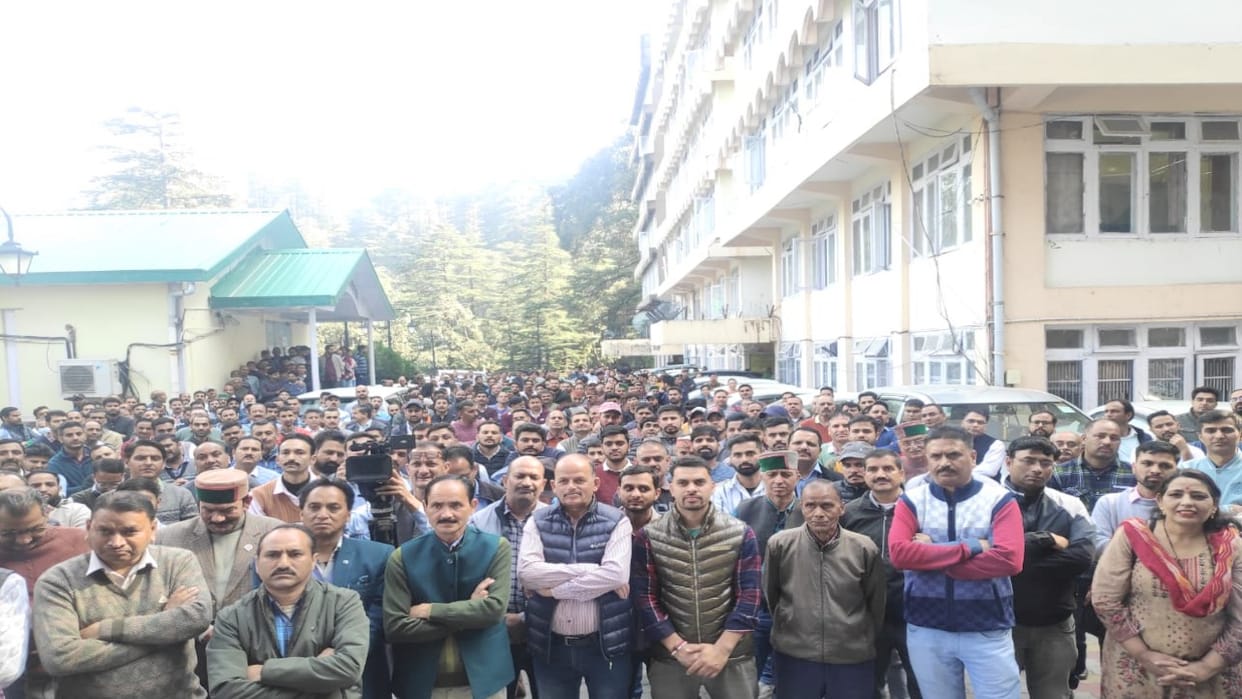 HP Electricity board employees threaten to lay siege to the Legislative Assembly; serve 21 day notice to the m
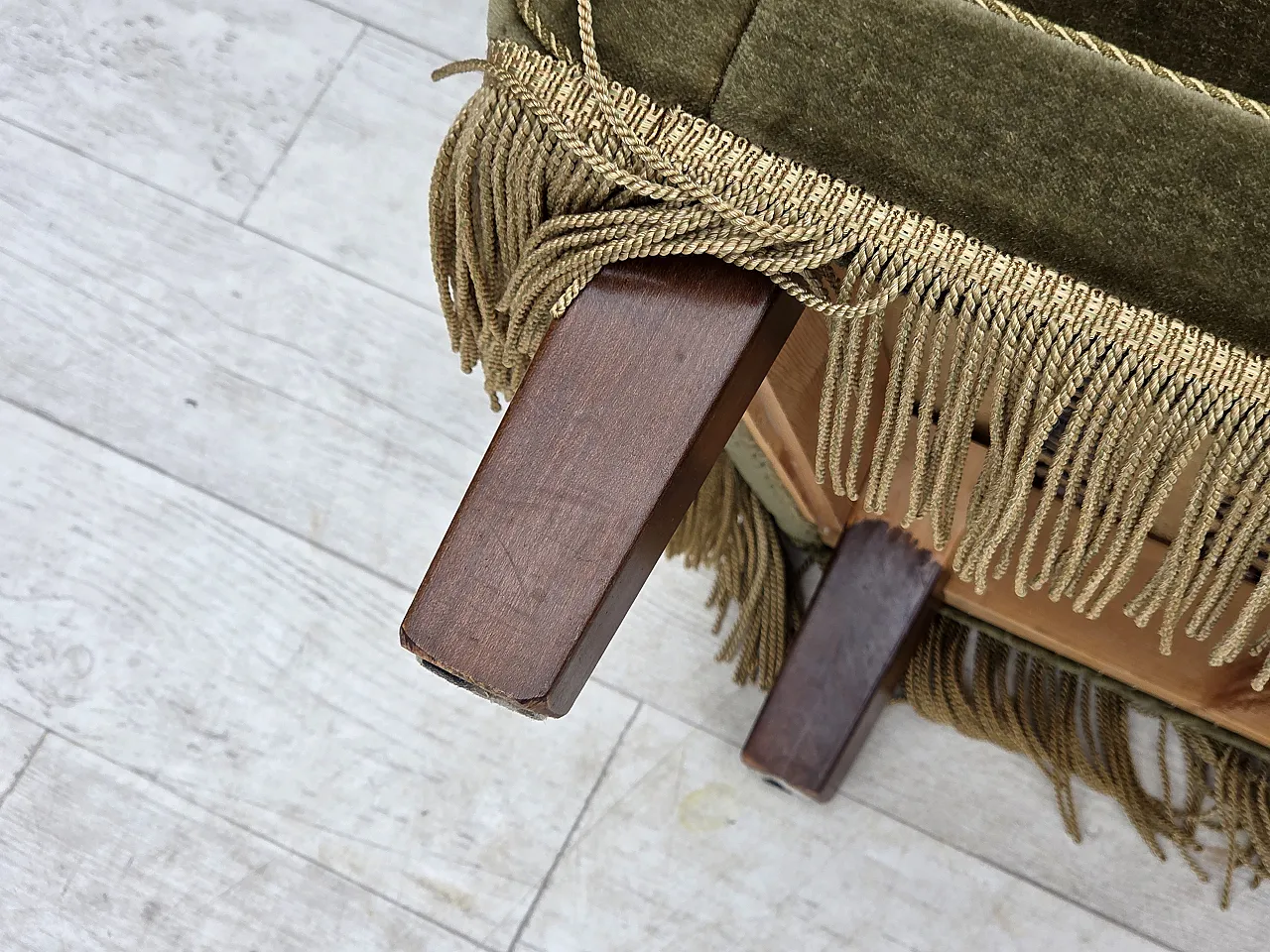 Poltrona danese anni '70, arredamento originale in velluto verde. 18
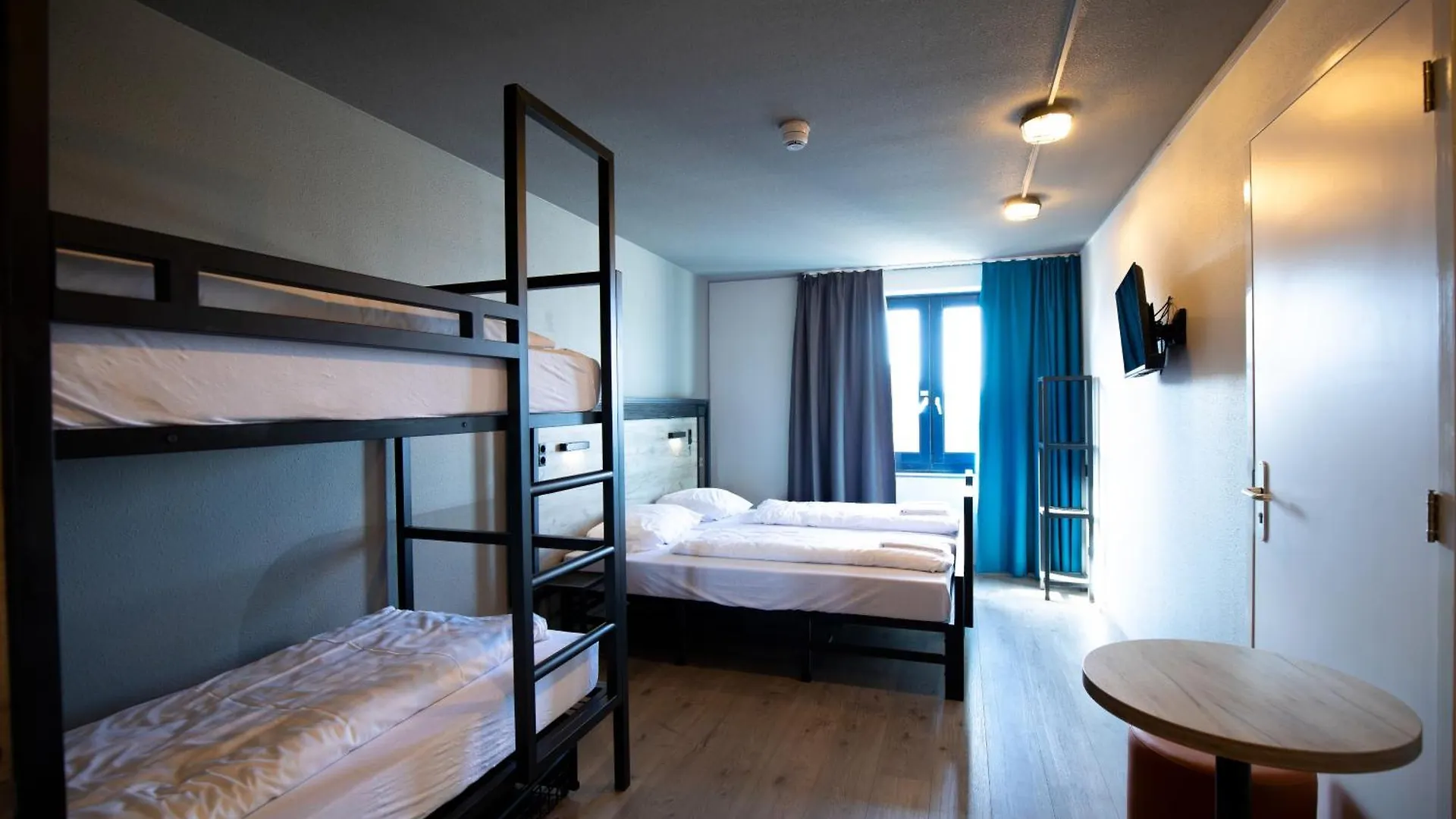 Отель A&O Rotterdam City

_Assigned task_. Copy out every line above, word for word, minus images.

_Answer box_.
 HP Electricity board employees threaten to lay siege to the Legislative Assembly; serve 21 day notice to the m
 Poltrona danese anni '70, arredamento originale in velluto verde. 18
 Отель A&O Rotterdam City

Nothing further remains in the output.